** Opening Dataset entries block **

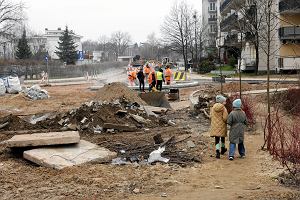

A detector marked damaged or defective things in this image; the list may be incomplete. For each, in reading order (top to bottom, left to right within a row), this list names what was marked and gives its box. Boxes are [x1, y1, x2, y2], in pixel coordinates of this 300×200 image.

broken concrete slab [5, 130, 79, 148]
broken concrete slab [22, 140, 115, 170]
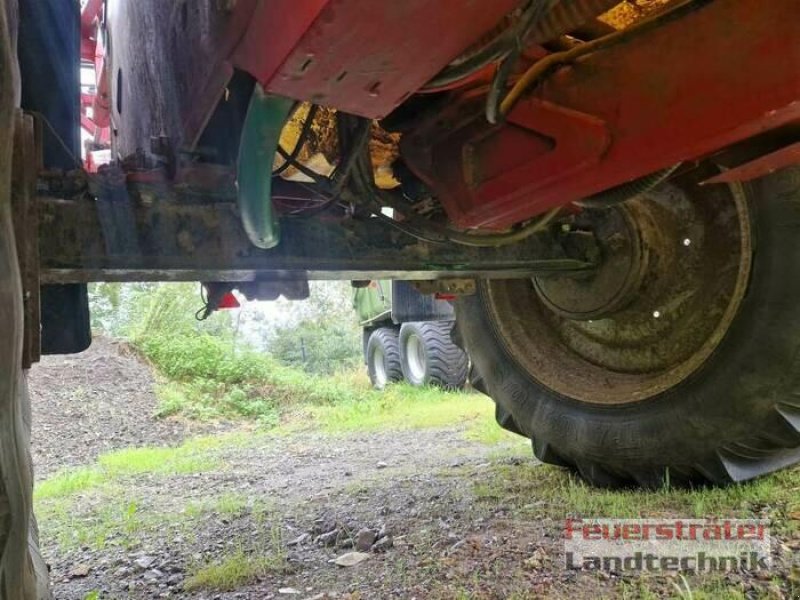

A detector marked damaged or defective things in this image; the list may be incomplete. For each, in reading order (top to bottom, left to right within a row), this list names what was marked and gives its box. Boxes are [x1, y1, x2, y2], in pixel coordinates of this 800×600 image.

rusty metal component [10, 110, 40, 368]
rusty metal component [37, 168, 596, 282]
rusty metal component [412, 280, 476, 296]
rusty metal component [404, 0, 800, 230]
rusty metal component [482, 171, 756, 406]
rusty metal component [704, 142, 800, 185]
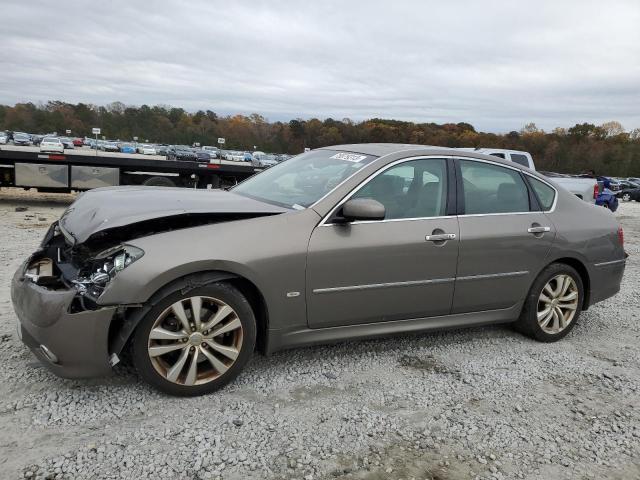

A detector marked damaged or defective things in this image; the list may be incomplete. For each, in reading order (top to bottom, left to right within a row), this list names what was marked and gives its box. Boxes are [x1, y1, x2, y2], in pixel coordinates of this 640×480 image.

cracked front bumper [10, 258, 117, 378]
broken headlight [73, 246, 144, 298]
crushed hood [58, 187, 288, 248]
damaged gray sedan [12, 144, 628, 396]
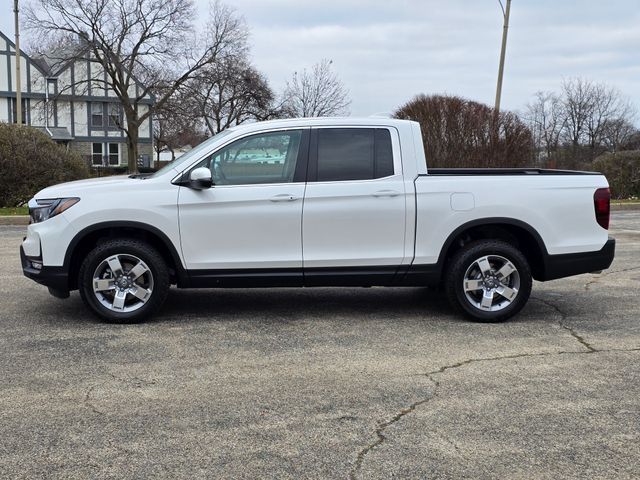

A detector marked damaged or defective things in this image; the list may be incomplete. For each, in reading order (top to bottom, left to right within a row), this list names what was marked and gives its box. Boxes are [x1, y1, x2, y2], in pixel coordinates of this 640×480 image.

cracked asphalt [0, 212, 636, 478]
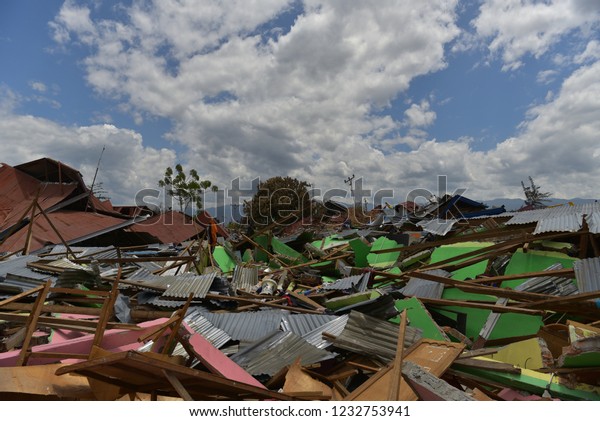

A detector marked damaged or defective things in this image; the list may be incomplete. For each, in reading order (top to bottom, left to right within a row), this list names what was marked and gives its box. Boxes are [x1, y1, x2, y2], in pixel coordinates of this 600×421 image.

rusted corrugated roofing [127, 209, 205, 243]
rusted corrugated roofing [162, 272, 220, 298]
rusted corrugated roofing [572, 256, 600, 292]
rusted corrugated roofing [229, 330, 336, 376]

** Closing Dataset entries block **

:: Task goal ::
Your reply should be nothing but the lines from the one containing "this 600×421 image." through the last line above, copied exactly; please include both ends.

:: Response to this exercise ::
A detector marked damaged or defective things in this image; the list may be incomplete. For each, in reading order (top to bottom, left to right within a row), this list names what was marked and gives its box. Boxes are [x1, y1, x2, y2], in pixel coordinates of this 600×421 image.

rusted corrugated roofing [127, 209, 205, 243]
rusted corrugated roofing [162, 272, 220, 298]
rusted corrugated roofing [572, 256, 600, 292]
rusted corrugated roofing [229, 330, 336, 376]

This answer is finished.